Two weeks is actually not a very long time for them to go without food. As adults may not be growing as fast as juveniles they generally will not eat as much. How large is the mouse you are feeding it? Sometimes snakes will refuse food based on the size. Whats the temp of the enclosure? Maybe you can try raising it a few degrees. Let us know and good luck


----------



## Linda Landsman (Jun 4, 2006)

Hi, I have a 20 gallon long, with a 50 watt bulb at one end. The temp in the day is around 88 degrees at the hot end . I also have a nelsons milk for over 2 years, and I keep her the same, and she eats like a pig.
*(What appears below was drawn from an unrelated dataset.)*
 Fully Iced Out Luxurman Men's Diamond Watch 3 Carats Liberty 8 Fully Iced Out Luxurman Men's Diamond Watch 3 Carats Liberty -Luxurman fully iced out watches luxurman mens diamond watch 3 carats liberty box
The mouse is an adult mouse, but it isn't bigger around than the snakes body, ( when he eats one, there is really no lump to speak of) and he has eaten that size before, but I could try a smaller one maybe.  Thanks!


----------



## Hedorah99 (Jun 4, 2006)

Its worth a shot. Do you feed frozen thawed or live and kill them yourself? Another possibility may be parasites. I am just giving you what I have had happen in my humble experience and not trying to alarm you.


----------



## OldHag (Jun 4, 2006)

My male snakes (Kenyans) will eat like that.  Off and on.. whenever..  If they smell a female around they wont eat at all!!  Crazy males. They drive me nuts!


----------



## Linda Landsman (Jun 4, 2006)

Since I have had him, I have given him frozen, thawed mice from a mice farm that only sells frozen, vacuum packed mice.  It is a male, so maybe because it is a male, that's why he is acting like that, I was also told that today, that was a possibility, from the reptile store where I got him .I brought him in for them to look at, and they didn't see any signs of illness. I've never had a male before, my other snake is a female. That would be a weird cross, a tangerine honduran, and an albino  nelsons! Should I try! Ha, Ha.


----------



## JungleGuts (Jun 4, 2006)

i wouldnt worry about it yet, its not uncommon for snakes to change or have weard eating habits

-dan


----------



## reverendsterlin (Jun 16, 2006)

could be in breeding mode, both male and females will go off food during that period especially the males.
Rev


----------